I’ve decided to call this series of pieces reflections rather than reviews; after all, The Federalist has already sold enough copies that it doesn’t need my review. I’ve edited my former post to reflect that.
The historical awareness that these papers assumes impressed me most this time through. Papers 18-20 explore the histories of the Amphyctionic and Achaean leagues of ancient Greece; the Holy Roman Empire; and the Netherlands respectively. In each case Hamilton and Madison (writing together) explore the jurisdictions of the federations’ governments compared to their components’ sovereignty, their dealings in times of warfare with common enemies; and their civil wars, and although the upshot of the papers is an argument for federal government, the history recommends itself for its own right. In each paper the point is to note that excessive sovereignty (in some cases) and federations of sovereign states rather than federal governments that dealt directly with individuals (in others) prove inadequate to the vicissitudes of history.
One quite interesting moment, intellectually speaking, is Hamilton’s (I think) assurance that the federal government, even with direct governance of individuals, will not be able to impose its will unchecked. His first reason has held up over time–for the United States Congress to amend the Constitution, state governments still must ratify the change. But the other has changed as travel and communications have changed and become more rapid. Publius (since Madison, Hamilton, and Jay all write under the pen name Publius and I can’t remember which Publius wrote this section) holds that people’s loyalties always become stronger as one moves from extended to local acquaintance. In other words, a man will always be most loyal to self, then to immediate family, then to clan, then to community, and only after all these to state and empire. (That’s another interesting thing about The Federalist–Publius never hesitates to call America an empire, a word that almost always carries unwelcome freight in 2008.) Thus citizens will naturally resist the federal government when it clashes with state government, and thus the federal government will lose the imaginations of the people if it attempts too much.

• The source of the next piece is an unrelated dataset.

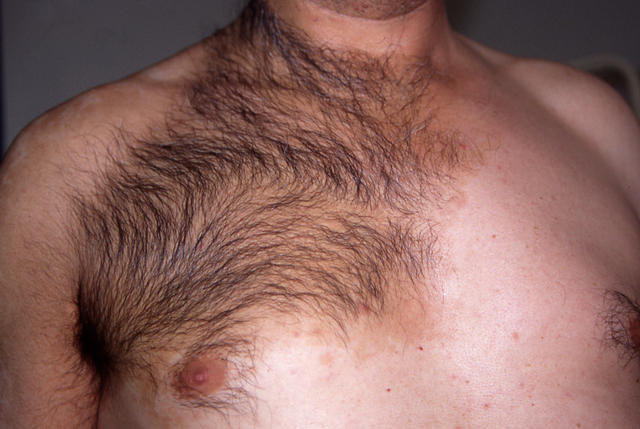 BENIGN SKIN LESIONS, NEVI, CYSTS - Becker's naevus BENIGN SKIN LESIONS, NEVI, CYSTS - Becker's naevus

However, as I write this, I sit in a room as my wife, who was born in West Virginia and grew up in Pennsylvania, sits next to my son, who was born in Georgia, and my father-in-law, who as far as I can remember was born in Ohio, ministered in Pennsylvania, and now lives in the corner of West Virginia farthest from where his youngest daughter was born. They’re watching a movie. In five days Mary, Micah, and I will be going to Indiana, where we’ll be among people who live in Los Angeles, Tennessee, and Kentucky.
My point in that geographic catalog is that all of these people can get together, in most cases, in a matter of hours rather than days, and because of this mobility, nobody in the house really feels like we’re from different “places.” Likewise, since my wife can and does call here at a moment’s notice on her cell phone, and since all of us can, if we please, watch any of a dozen television channels in common irrespective of the hundreds of miles between us, and since I can digitally transmit photographs of Micah’s childhood to either set of grandparents in a matter of seconds, all of our families are decidedly more American than Hoosier or Virginian or Georgian. That’s not a bad thing, but it is one moment when Publius (not at all to blame him/them) simply could not anticipate the effects of technologically-augmented speed on the human imagination.
To put it another way, should someone from San Diego sit in the room with either set of people, she would likely feel about as much kinship with the folks from northern Pennsylvania as she would with my brother who lives in Los Angeles and more with either of those sets than with folks who live hundreds of miles closer but in Mexico. The local just ain’t what it used to be. Now mass media more than location forms imagination, and faces on television sets can say without smirking, “We’re all New Yorkers today.” Still retaining some sense that I’m a Hoosier, I have to insist that I am not, nor will I ever be, a New Yorker. No offense to Publius, of course.